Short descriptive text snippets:
++++++++

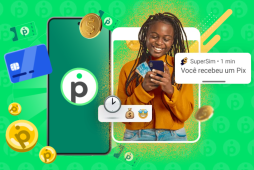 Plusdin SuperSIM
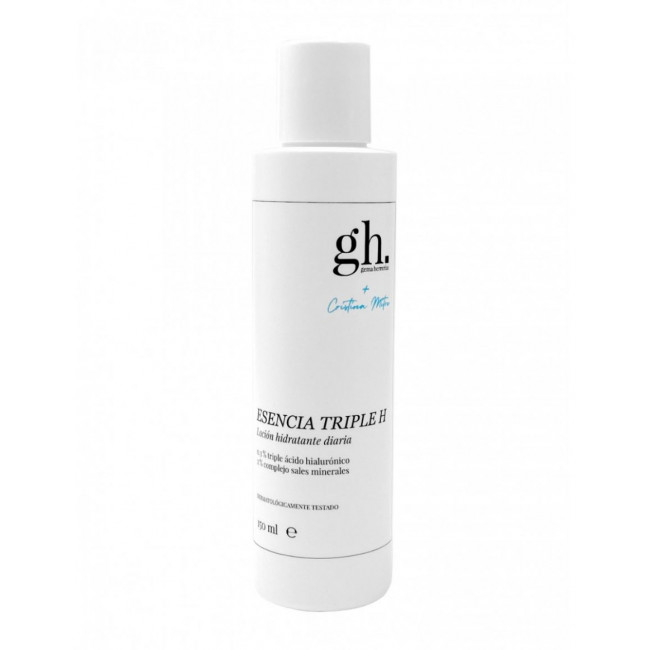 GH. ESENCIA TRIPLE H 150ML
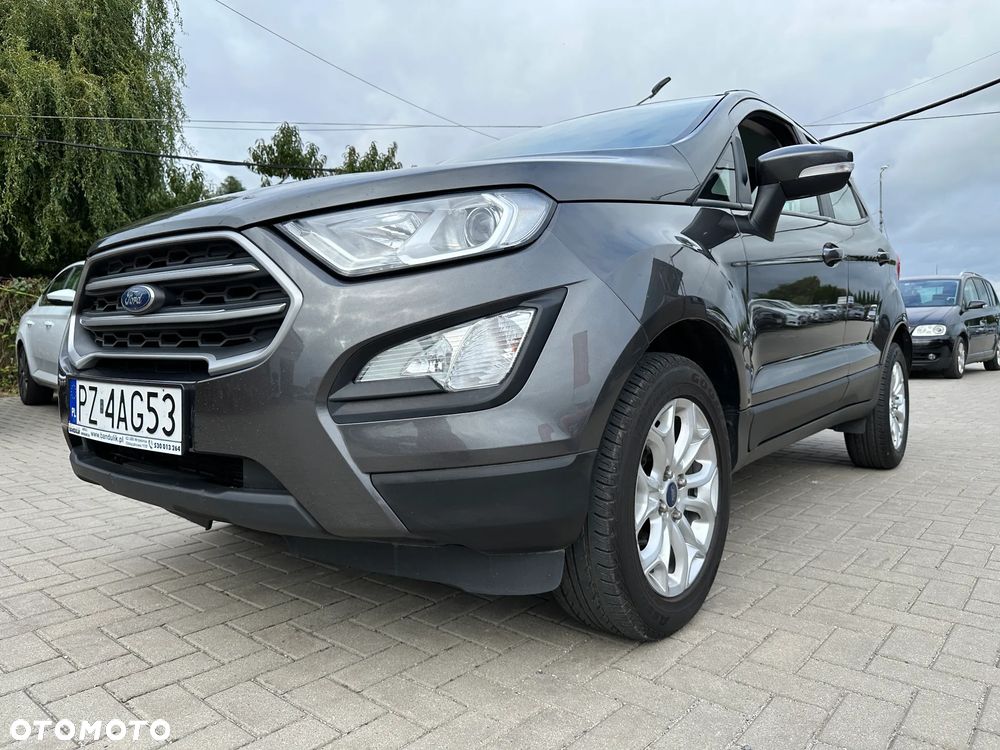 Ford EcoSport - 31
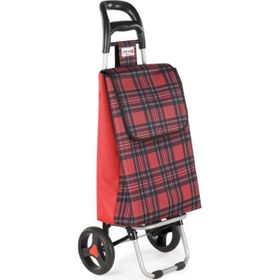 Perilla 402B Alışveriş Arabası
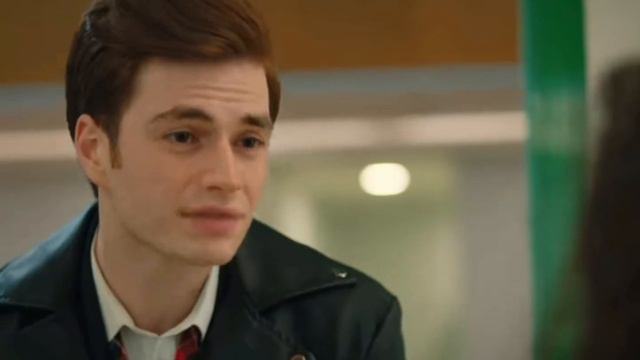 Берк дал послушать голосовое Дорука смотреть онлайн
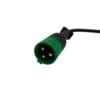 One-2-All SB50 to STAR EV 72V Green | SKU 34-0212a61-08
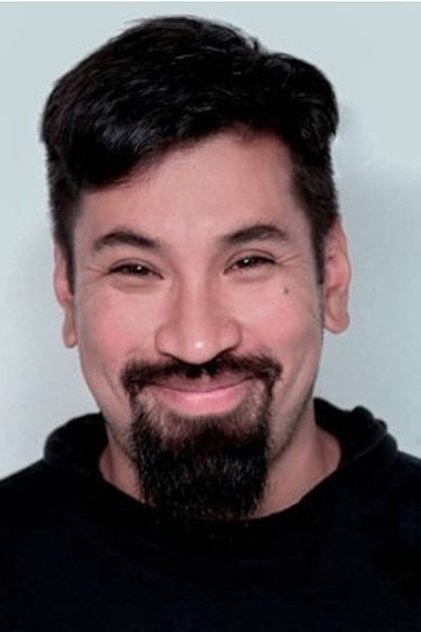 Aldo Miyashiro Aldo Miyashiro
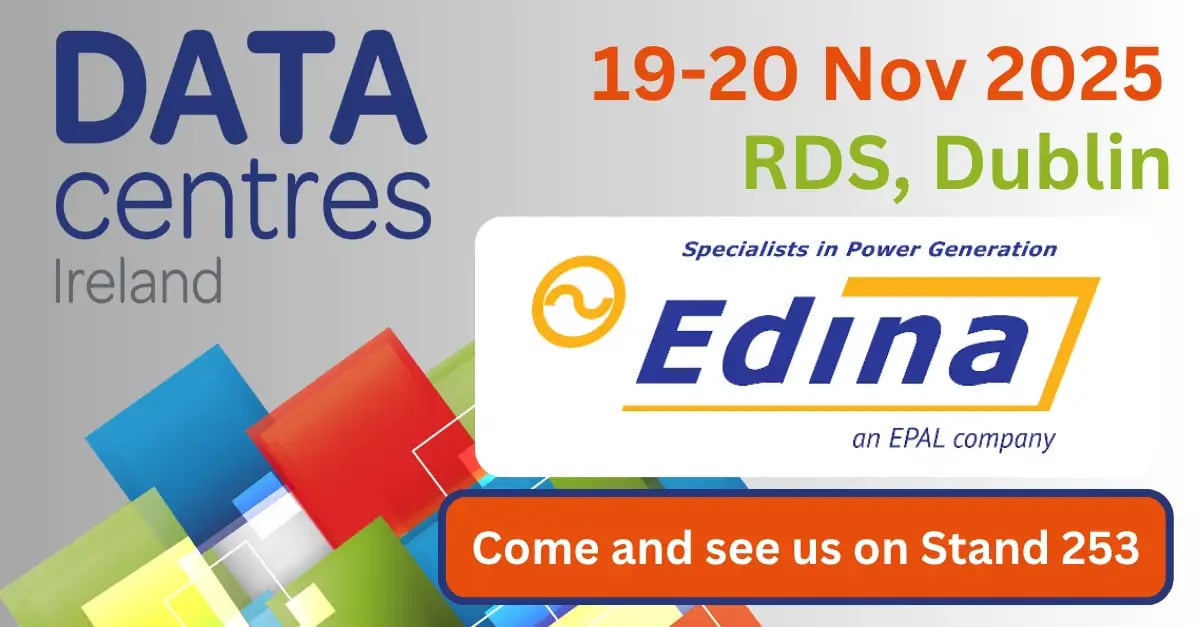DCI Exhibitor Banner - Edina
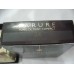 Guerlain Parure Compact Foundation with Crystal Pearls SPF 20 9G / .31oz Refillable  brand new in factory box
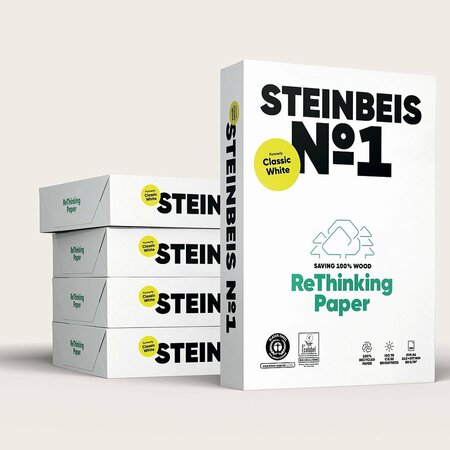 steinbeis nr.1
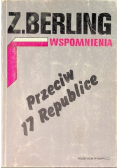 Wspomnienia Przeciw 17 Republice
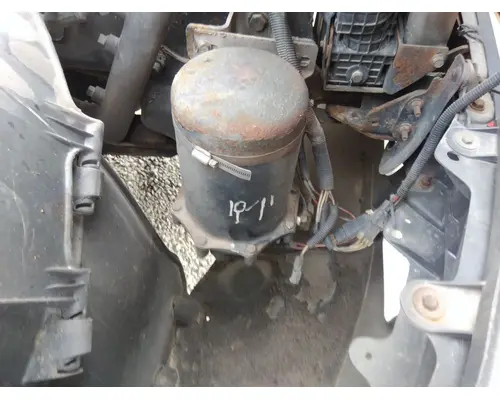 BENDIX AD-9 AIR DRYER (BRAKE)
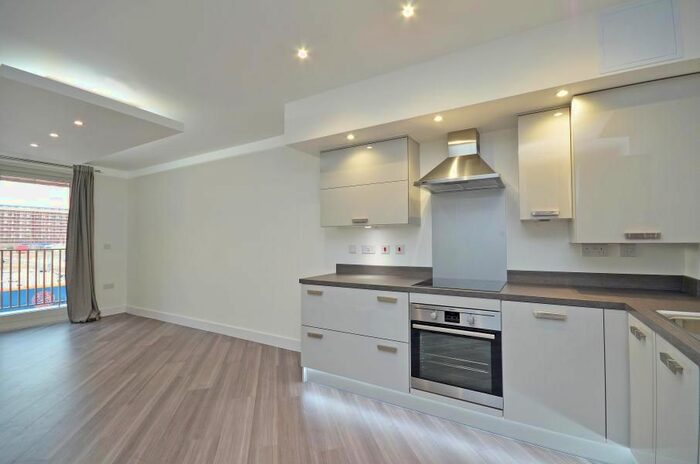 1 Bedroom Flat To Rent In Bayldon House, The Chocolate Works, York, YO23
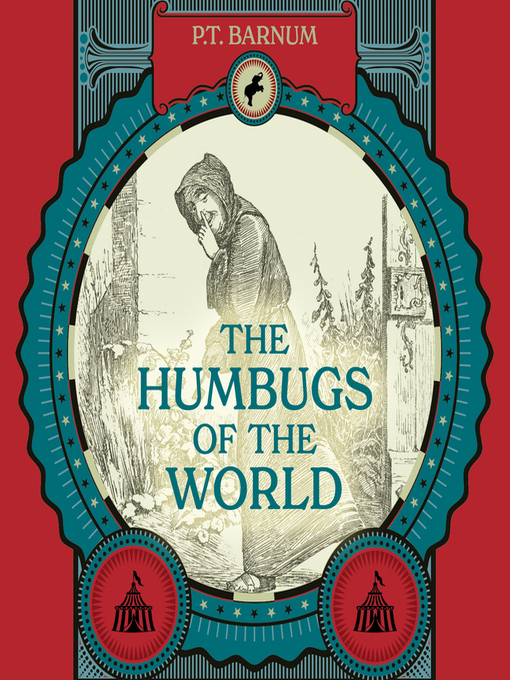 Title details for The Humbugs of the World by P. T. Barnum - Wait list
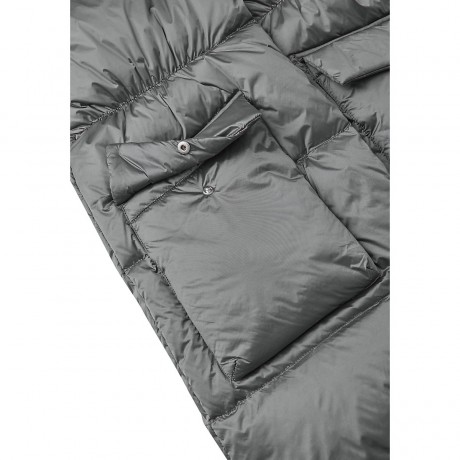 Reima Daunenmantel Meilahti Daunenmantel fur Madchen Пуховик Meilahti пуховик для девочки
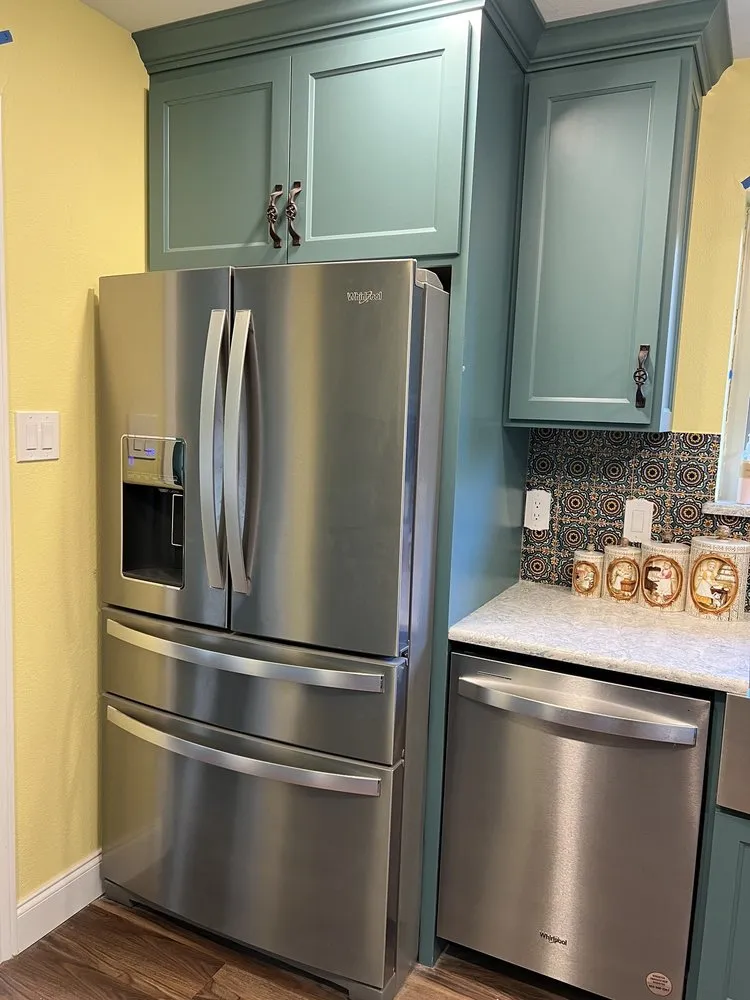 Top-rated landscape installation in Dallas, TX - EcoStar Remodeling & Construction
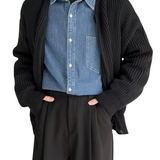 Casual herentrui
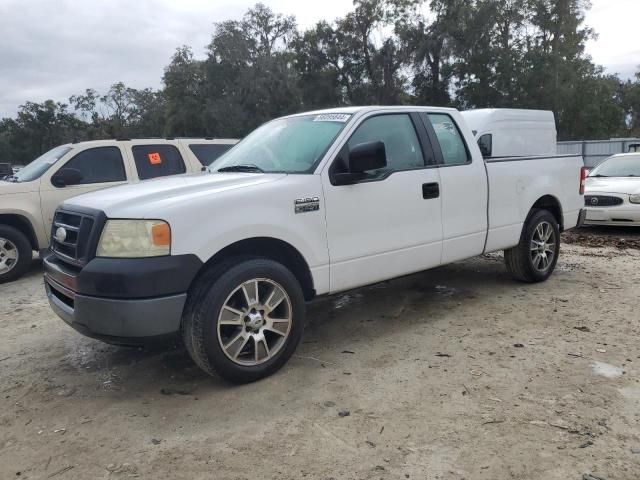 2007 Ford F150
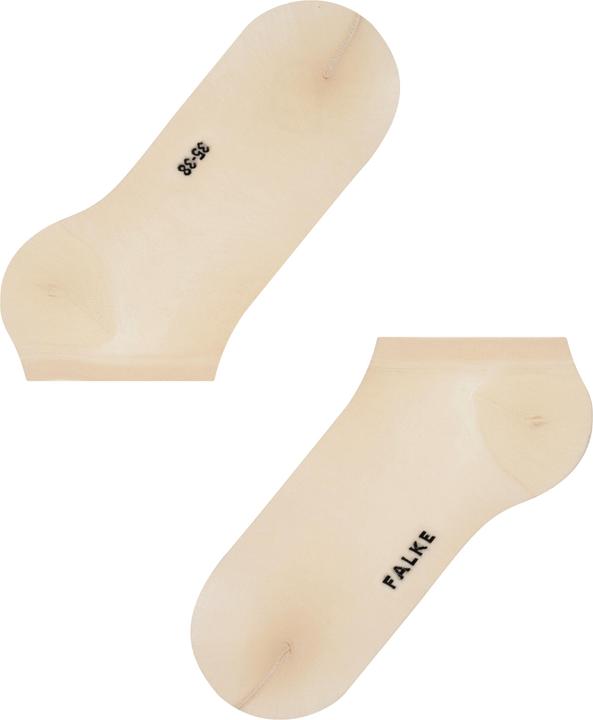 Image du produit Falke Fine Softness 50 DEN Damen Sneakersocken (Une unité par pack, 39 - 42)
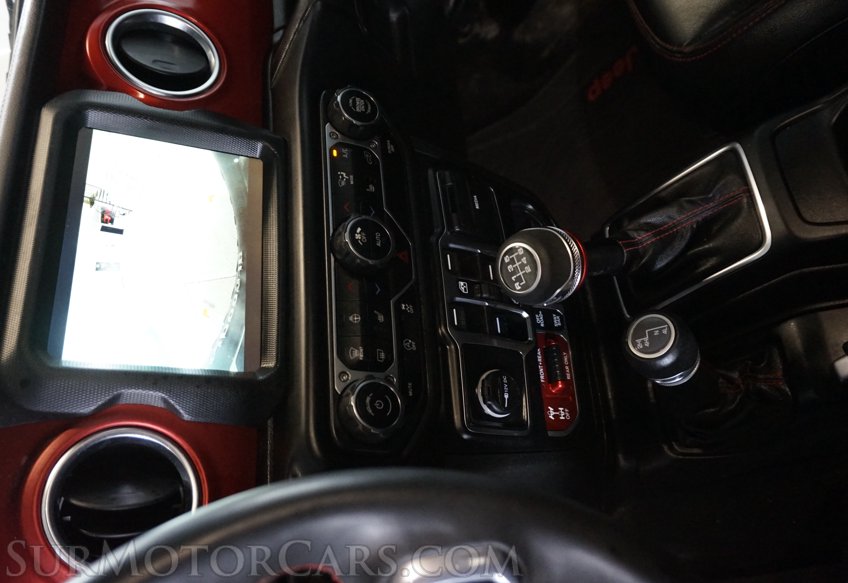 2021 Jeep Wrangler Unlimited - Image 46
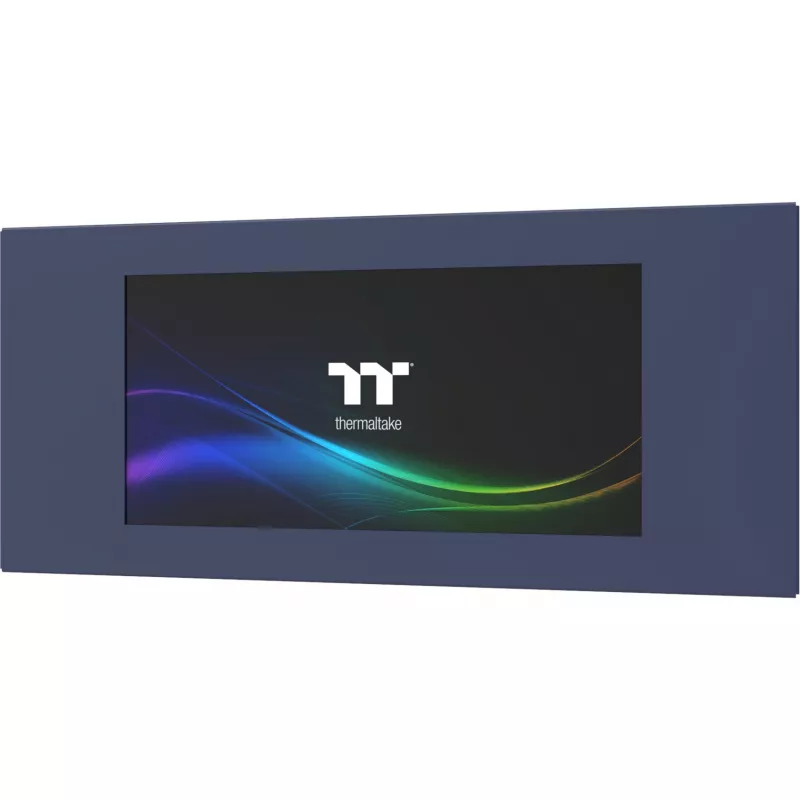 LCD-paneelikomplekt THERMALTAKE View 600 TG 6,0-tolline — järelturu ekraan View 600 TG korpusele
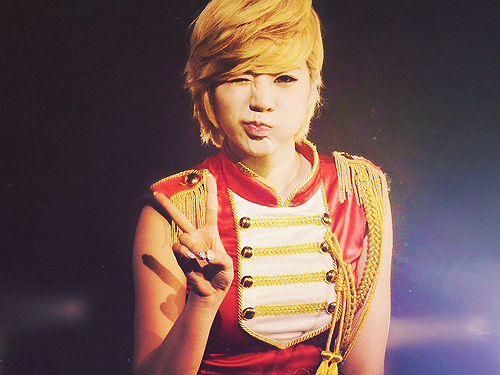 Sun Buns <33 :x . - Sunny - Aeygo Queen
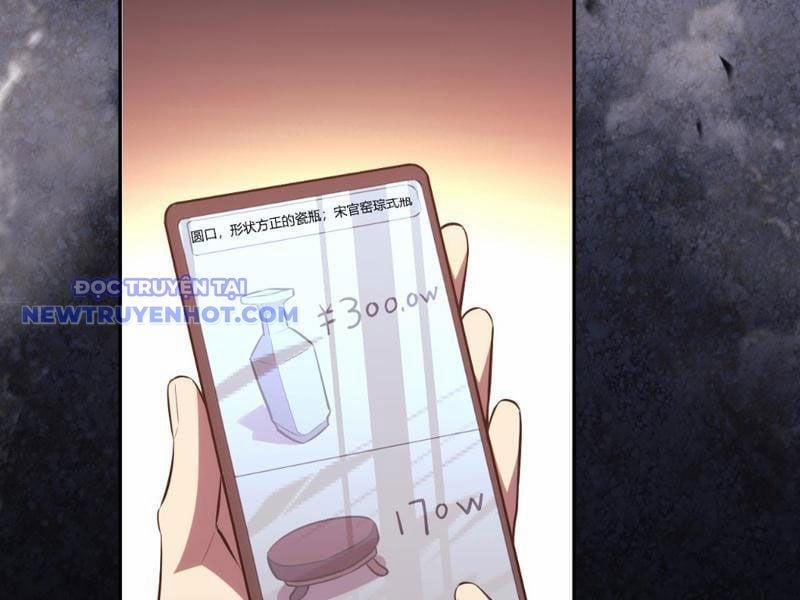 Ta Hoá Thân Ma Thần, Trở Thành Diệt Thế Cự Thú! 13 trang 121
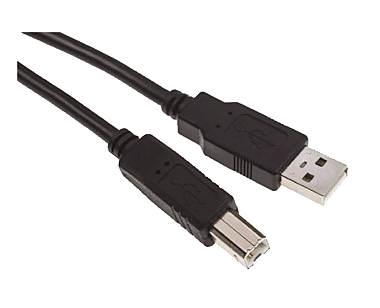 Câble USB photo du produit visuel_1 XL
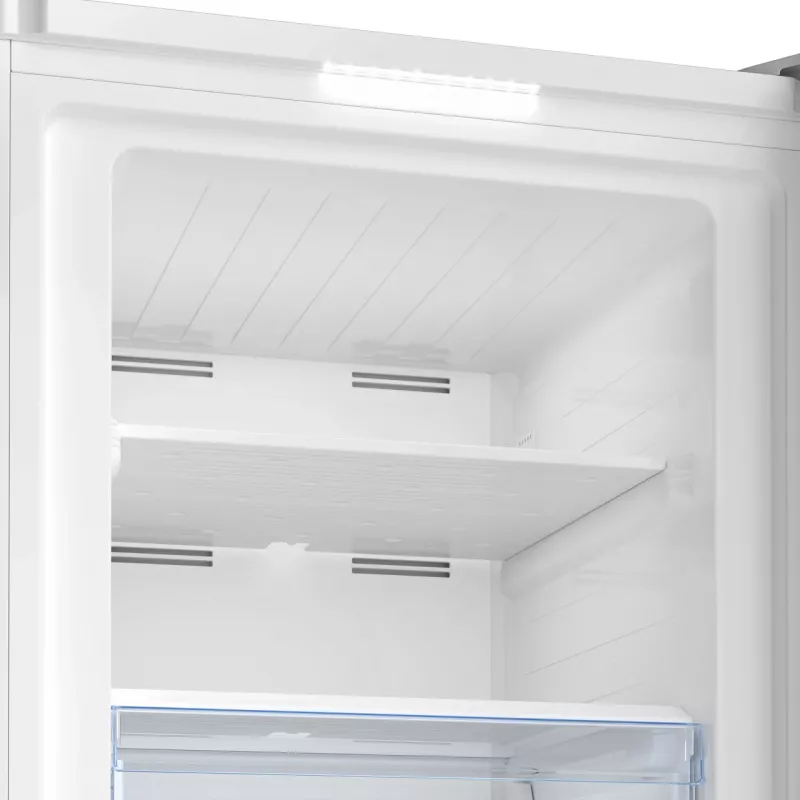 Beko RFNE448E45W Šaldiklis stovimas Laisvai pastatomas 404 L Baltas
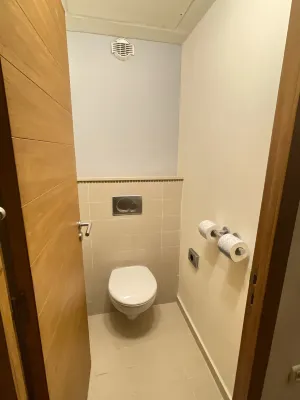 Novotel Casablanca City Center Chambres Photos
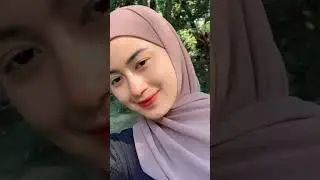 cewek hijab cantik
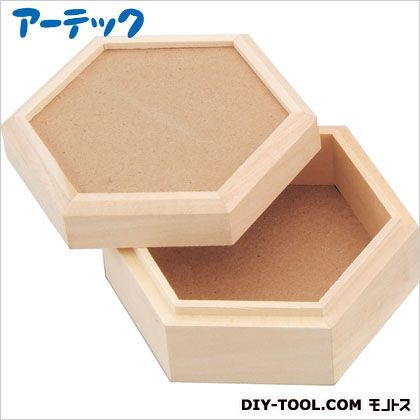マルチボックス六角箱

++++++++

Work to complete:
From the line holding "Novotel Casablanca City" to the final line of the data above, give each line again exactly, both ends included, and drop the pictures.

Finished exercise:
 Novotel Casablanca City Center Chambres Photos
 cewek hijab cantik
マルチボックス六角箱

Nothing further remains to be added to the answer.